I retired from the San Francisco Business Times on Tuesday, Nov. 1, after a cumulative 21 years or so with the paper, in various stints.
Talking Biz News wants to know why I stayed so long, what I got out of it, and what I liked about it.
The truth is, I fell into business journalism, as kind of a fluke. After studying English and American lit at Brown University, I floundered for quite a while, trying to decide what to do with my life as a grownup. This type of journalism, strangely enough, turned out to be the answer.
I tried a Ph.D. program in literature at UCLA but dropped out without a degree, after deciding that while I loved books, writing and literature, I wanted a closer connection to the flesh and blood world around me.
My short tenure at UCLA overlapped with the Iranian revolution of 1978-79, which ended up overthrowing the Shah, and installing the Islamic Republic. People marching in the streets, shouting insults at America, the Great Satan.
Tumult. Craziness. Drama. And I was stuck in a library.
After that, experiments in trade publishing at Miller Freeman Publications, at a computer magazine for Atari computer aficionados, and in a couple of quick-hit corporate communications jobs convinced me I still hadn’t found the real me — but by then I was in my 30s and clearly running out of time to figure things out.
That’s when I finally found a place, a calling, and a longtime home, beginning with freelance work for the Oakland Tribune (back in something approaching its glory days), Diablo Magazine and other venues, and ultimately to a full-time job as an assistant editor at the Business Times, then an independent business weekly.
As soon as I could I ditched the editing job, and latched onto the first reporting position that appealed to me — covering the business of health care in the San Francisco Bay Area. That became my primary focus for the next 27 years or so, at the Business Times and during tenures at Modern Healthcare and Healthcare Business magazines (where I also covered national trends and stories).

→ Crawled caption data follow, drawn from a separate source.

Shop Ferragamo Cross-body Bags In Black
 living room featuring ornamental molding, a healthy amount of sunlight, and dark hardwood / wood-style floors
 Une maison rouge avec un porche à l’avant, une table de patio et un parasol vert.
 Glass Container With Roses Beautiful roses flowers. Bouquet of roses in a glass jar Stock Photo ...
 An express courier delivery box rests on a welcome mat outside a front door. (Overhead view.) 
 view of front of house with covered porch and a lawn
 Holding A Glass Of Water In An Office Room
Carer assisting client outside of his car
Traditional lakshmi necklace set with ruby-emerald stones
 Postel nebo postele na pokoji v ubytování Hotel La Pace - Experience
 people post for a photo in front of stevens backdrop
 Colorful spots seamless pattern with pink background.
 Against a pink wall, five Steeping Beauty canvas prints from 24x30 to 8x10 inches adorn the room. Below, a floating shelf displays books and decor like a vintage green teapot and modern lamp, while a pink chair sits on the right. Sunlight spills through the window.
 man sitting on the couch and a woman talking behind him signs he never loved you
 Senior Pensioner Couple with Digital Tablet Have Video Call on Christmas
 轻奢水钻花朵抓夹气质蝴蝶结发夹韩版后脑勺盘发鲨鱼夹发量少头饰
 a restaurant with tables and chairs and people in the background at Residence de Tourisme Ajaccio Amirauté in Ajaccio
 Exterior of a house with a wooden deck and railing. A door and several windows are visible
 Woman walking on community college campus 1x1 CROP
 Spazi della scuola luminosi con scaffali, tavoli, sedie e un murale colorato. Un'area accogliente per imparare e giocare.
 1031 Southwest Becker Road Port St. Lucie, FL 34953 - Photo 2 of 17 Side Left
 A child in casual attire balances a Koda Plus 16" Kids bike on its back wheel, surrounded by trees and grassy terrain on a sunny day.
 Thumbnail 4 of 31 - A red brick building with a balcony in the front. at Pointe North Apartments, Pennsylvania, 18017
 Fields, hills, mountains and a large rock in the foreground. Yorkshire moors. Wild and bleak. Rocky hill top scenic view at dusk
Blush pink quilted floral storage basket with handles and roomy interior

In a sense, I’ve been more of a health care reporter than a business journalist, because health care is to a large degree a world of its own. I never got into the minutiae of covering public companies. I never spent a lot of time on earnings calls, or covering Wall Street’s up and downs. And I never really warmed up to the not always scintillating prose and insights of the Wall Street analysts, who supposedly know so much but who all too often seem to be offering up the conventional wisdom. Or trying to sell a product.
I guess — to quote Frank Sinatra’s anthem — you could say I did it my way.
I loved the chase, the adrenaline rush of racing after and, with luck and perseverance, catching up to a big story. Or even a smaller one, if it was a scoop, and others following health care news in the vicinity hadn’t caught a whiff of it yet. I loved knowing and talking to insiders, grabbing the latest gossip, getting tips from consumers who were getting screwed, and following each small thread to see if it led to a better understanding of the entire fabric.
And every once in a while, to righting an injustice.
Those who know me know I have little patience with PR people who don’t know their craft, or business executives who can’t — or won’t — answer simple questions with coherent answers. I like to break the complex into its most basic components. Is your company making money? Why is your product or service better than the other guys’? You say you have a new CFO, but what happened to the last one?
Why did I stay in one place for such a long time? Stability, I guess. Security. And knowing from experience that the Business Times offered a rare blend of high journalistic standards, a clear mission (as former Editor Steve Symanovich explained it, write about “Big companies and big people doing big things in Bay Area business”) and a great sense of camaraderie.
Like an underdog in baseball or football, it was Us vs. Them, the plucky weekly against those big bad daily papers.
Times have changed. The Business Times is part of ACBJ, a big chain that in turn is part of a much larger holding company. Clicks rule now, and SEO headlines and all the rest. Even the big bad dailies are hurting. And nearly three decades is a long time to be doing something, even something you love.
Time to chase new challenges, and let a new generation tackle the current crises of business journalism. But it’s been rewarding, intellectually and otherwise, to follow this path. It’s helped put two kids through college.
And, far more often than not, it’s been a blast.
Chris Rauber recently retired as a business journalist at the San Francisco Business Times.